• **EXTRACTED MATERIAL**:
::::

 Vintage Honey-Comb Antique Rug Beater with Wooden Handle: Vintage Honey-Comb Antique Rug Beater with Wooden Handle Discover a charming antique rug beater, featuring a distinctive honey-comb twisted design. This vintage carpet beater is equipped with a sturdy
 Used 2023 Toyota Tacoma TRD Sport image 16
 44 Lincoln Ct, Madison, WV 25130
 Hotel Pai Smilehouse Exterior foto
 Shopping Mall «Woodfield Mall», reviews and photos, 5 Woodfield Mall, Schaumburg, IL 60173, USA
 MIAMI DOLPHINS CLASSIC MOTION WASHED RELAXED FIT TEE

::::

• **WHAT IS REQUIRED**: Your task is to retype, exactly and only, the lines from the one with "Hotel Pai Smilehouse Exterior foto" through the final line above.

• **RESULT OF THIS TASK**:
 Hotel Pai Smilehouse Exterior foto
 Shopping Mall «Woodfield Mall», reviews and photos, 5 Woodfield Mall, Schaumburg, IL 60173, USA
 MIAMI DOLPHINS CLASSIC MOTION WASHED RELAXED FIT TEE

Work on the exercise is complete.